## Source records
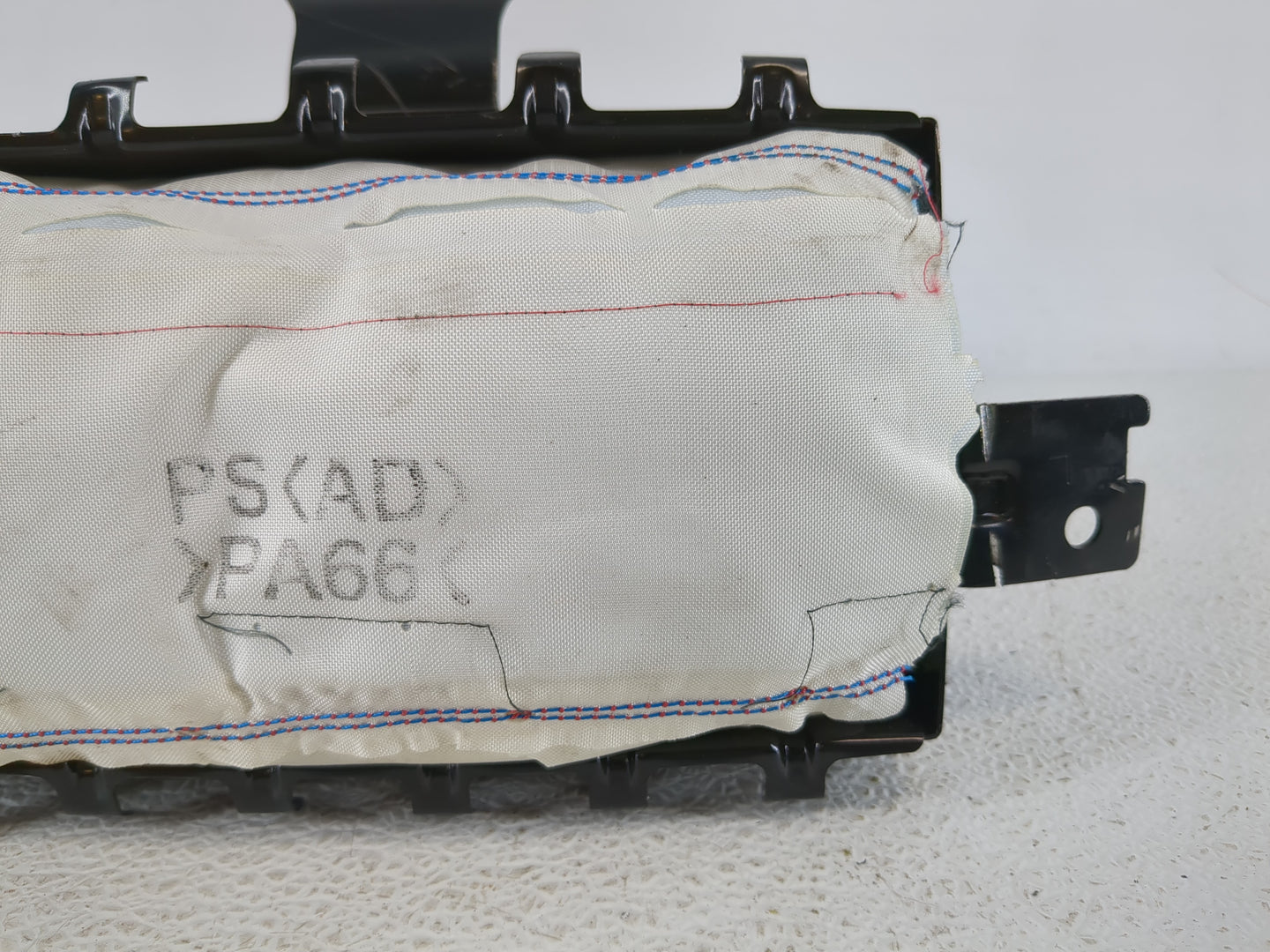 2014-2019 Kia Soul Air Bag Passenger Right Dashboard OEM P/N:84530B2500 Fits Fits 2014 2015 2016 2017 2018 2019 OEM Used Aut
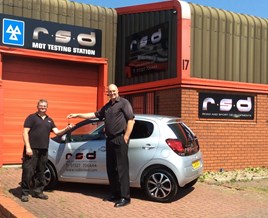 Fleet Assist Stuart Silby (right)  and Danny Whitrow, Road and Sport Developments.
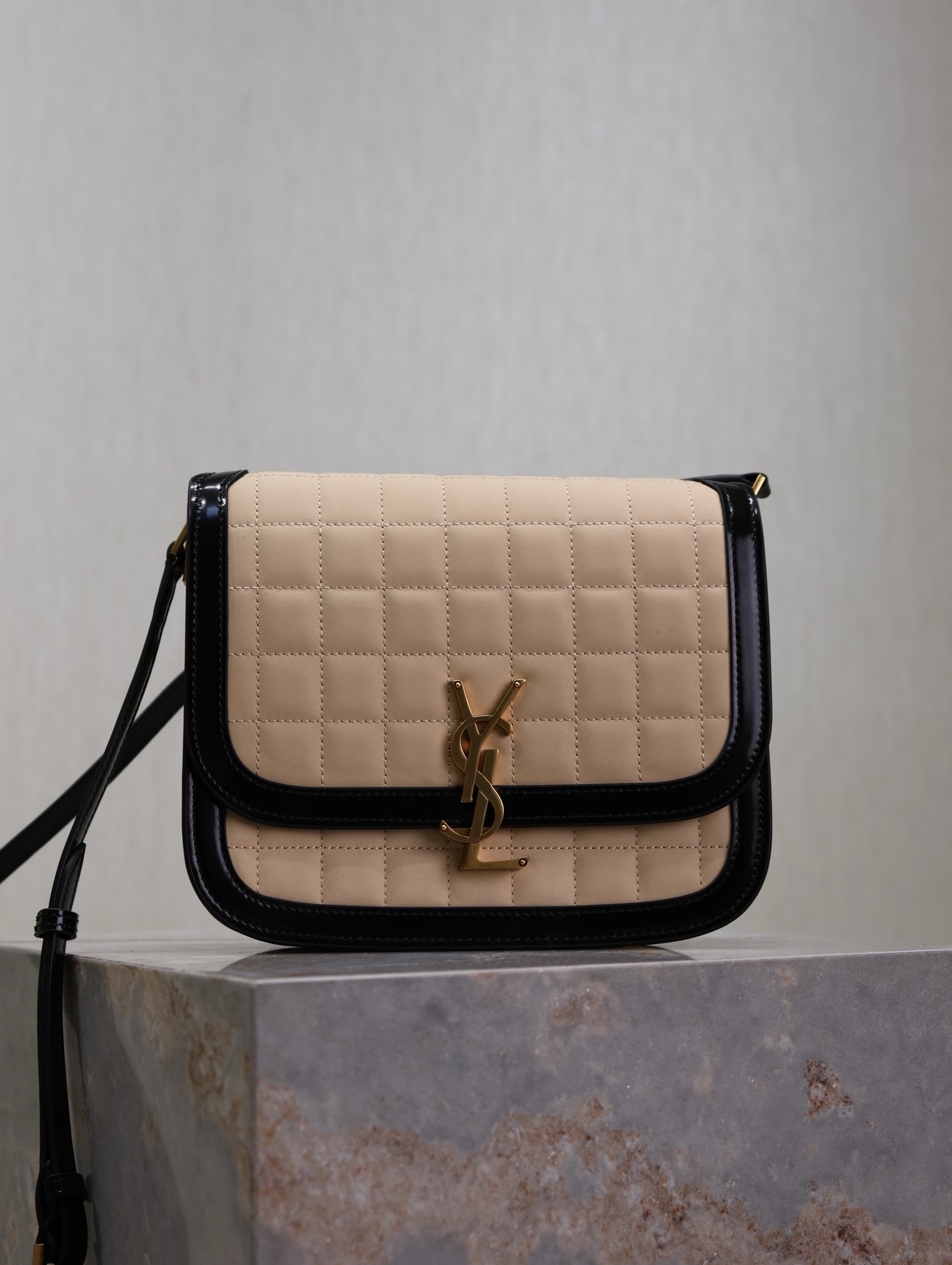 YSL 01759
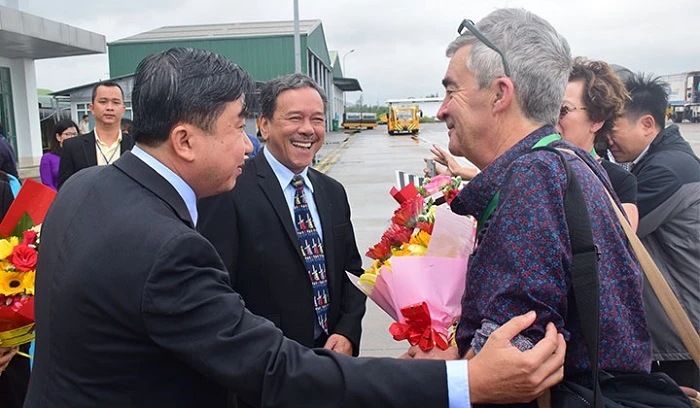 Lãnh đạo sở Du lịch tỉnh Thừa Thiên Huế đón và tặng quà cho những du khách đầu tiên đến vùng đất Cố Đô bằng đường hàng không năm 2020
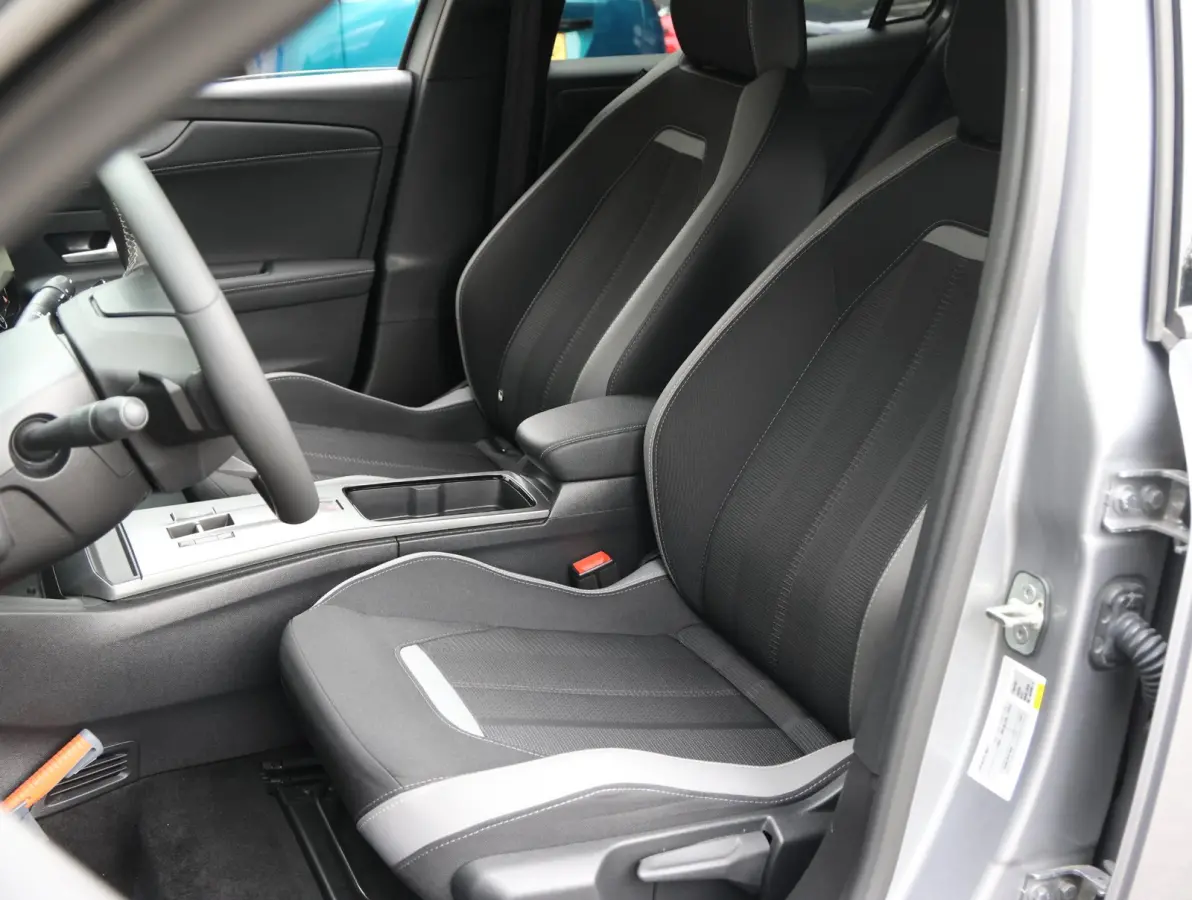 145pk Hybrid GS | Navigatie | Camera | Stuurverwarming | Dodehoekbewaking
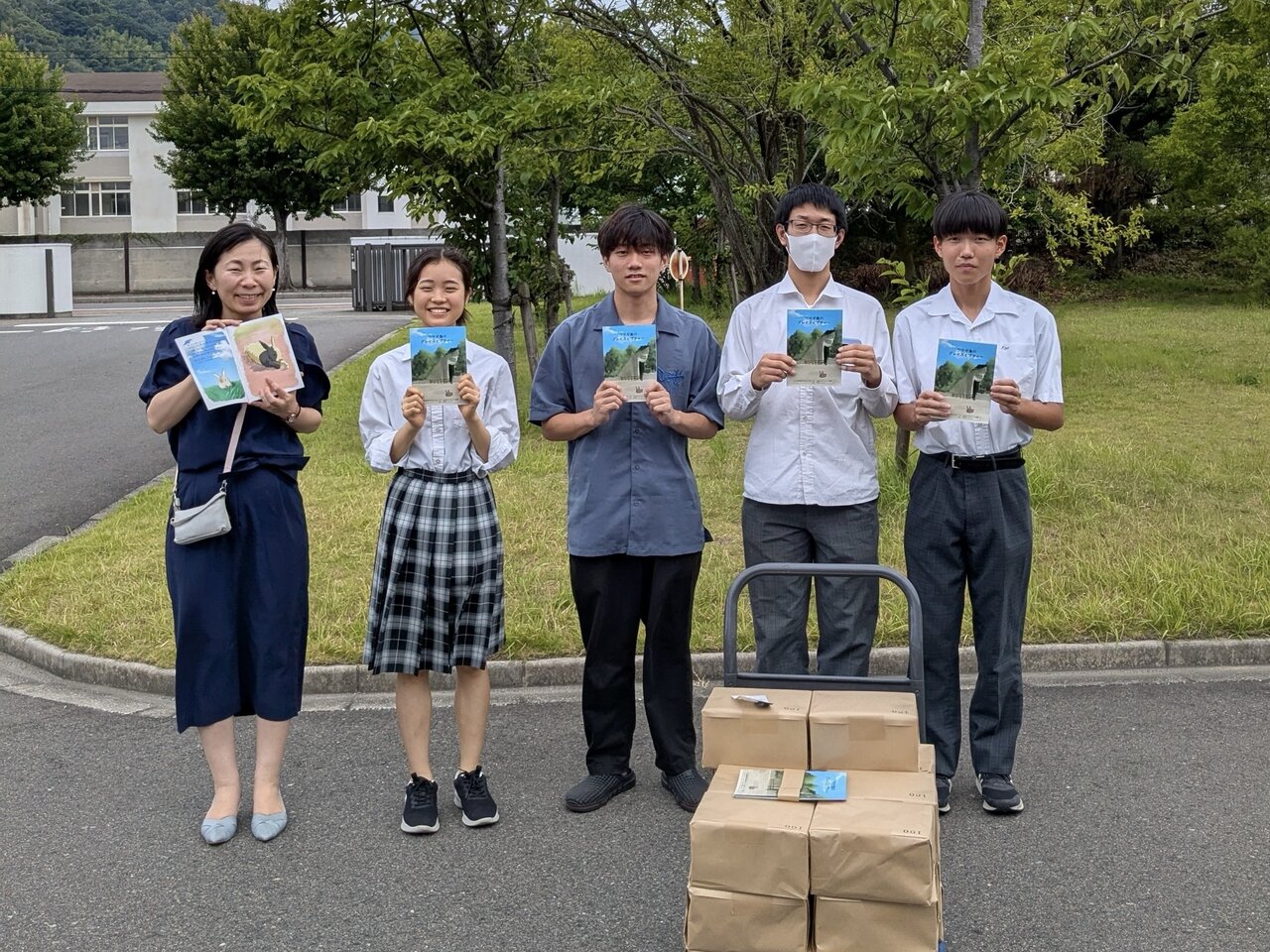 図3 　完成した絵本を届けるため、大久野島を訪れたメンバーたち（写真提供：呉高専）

## What needs to be done
The lines to be extracted begin at the line containing "145pk Hybrid GS" and continue through the final line of the material above, both ends included. Reproduce them exactly, without the pictures.

## Written answer
 145pk Hybrid GS | Navigatie | Camera | Stuurverwarming | Dodehoekbewaking
 図3 　完成した絵本を届けるため、大久野島を訪れたメンバーたち（写真提供：呉高専）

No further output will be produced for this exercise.